▶ [Provided material]:

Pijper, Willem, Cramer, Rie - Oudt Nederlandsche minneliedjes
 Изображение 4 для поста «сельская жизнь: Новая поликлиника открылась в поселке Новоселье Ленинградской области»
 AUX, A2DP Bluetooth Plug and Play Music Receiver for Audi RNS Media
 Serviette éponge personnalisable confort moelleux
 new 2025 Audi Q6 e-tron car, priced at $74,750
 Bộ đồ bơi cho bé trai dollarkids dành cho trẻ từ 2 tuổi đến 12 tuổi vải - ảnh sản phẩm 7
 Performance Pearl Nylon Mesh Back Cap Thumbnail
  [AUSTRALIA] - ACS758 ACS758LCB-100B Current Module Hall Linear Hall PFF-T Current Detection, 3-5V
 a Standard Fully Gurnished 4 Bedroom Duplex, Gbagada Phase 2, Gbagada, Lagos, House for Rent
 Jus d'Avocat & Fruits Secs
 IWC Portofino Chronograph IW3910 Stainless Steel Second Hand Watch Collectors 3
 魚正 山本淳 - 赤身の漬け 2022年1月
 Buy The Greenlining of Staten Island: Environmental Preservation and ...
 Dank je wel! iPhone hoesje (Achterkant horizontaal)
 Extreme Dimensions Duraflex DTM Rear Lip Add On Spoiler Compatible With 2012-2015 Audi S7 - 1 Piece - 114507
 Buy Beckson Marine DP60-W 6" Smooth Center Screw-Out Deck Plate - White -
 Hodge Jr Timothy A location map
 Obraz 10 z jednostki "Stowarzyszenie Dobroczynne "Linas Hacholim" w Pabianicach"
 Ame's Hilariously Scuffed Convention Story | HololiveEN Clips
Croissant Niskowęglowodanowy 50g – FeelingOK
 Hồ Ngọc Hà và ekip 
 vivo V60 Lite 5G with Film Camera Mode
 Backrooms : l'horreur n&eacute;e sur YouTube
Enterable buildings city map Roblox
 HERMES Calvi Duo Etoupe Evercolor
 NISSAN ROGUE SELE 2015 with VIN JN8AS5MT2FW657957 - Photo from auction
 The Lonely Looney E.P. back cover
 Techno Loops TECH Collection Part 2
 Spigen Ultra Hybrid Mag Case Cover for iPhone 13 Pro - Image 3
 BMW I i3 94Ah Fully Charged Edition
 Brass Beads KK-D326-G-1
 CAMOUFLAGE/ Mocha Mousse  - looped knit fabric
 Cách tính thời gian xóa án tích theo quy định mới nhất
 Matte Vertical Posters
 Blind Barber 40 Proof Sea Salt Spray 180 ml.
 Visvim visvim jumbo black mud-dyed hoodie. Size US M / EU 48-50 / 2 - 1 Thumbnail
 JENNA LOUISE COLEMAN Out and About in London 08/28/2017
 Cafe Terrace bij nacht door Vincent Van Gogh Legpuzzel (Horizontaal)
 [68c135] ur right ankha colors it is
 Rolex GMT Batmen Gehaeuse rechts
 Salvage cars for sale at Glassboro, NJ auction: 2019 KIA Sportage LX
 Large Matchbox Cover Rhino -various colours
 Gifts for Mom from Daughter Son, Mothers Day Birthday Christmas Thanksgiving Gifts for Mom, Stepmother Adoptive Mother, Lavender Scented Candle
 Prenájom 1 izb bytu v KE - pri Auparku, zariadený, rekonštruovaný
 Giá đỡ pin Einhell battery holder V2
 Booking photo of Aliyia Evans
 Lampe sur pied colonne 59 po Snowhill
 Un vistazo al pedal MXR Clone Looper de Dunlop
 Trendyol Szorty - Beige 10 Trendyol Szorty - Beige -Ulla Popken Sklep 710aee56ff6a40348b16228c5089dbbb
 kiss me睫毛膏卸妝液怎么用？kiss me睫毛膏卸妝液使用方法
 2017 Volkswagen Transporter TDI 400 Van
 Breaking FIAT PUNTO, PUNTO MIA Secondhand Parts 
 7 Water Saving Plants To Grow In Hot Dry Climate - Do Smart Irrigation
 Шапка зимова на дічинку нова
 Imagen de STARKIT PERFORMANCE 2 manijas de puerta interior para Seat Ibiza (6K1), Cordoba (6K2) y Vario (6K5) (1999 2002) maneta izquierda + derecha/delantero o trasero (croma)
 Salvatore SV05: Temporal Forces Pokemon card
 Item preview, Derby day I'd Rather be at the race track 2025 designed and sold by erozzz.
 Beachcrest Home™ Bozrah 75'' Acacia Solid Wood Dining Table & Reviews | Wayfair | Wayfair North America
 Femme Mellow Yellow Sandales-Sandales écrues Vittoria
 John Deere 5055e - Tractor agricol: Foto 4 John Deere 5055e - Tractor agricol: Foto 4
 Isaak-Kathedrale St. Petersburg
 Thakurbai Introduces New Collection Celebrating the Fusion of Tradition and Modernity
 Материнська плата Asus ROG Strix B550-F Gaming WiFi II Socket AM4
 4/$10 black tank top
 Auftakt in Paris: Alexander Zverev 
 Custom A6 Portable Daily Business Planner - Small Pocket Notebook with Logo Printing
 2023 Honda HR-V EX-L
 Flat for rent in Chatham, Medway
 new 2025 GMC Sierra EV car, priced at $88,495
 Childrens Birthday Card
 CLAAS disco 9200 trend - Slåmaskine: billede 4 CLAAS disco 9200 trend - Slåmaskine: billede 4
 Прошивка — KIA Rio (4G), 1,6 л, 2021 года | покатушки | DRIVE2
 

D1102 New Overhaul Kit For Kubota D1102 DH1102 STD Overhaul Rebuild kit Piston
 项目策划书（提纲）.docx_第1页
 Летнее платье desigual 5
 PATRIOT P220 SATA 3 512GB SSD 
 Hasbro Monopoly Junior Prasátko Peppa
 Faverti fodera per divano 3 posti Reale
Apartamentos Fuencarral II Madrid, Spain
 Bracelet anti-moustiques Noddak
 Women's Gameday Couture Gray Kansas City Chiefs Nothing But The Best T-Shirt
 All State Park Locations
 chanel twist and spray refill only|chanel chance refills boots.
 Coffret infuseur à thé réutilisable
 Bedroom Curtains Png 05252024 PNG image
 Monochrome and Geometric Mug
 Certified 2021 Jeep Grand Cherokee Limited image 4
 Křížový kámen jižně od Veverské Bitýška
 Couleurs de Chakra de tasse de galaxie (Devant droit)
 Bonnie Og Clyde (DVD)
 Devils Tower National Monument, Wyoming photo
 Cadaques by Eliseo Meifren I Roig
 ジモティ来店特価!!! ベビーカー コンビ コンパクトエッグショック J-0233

▶ [What is expected]: Copy out the lines above that hold the string "priced".

▶ [Response for this exercise]:
 new 2025 Audi Q6 e-tron car, priced at $74,750
 new 2025 GMC Sierra EV car, priced at $88,495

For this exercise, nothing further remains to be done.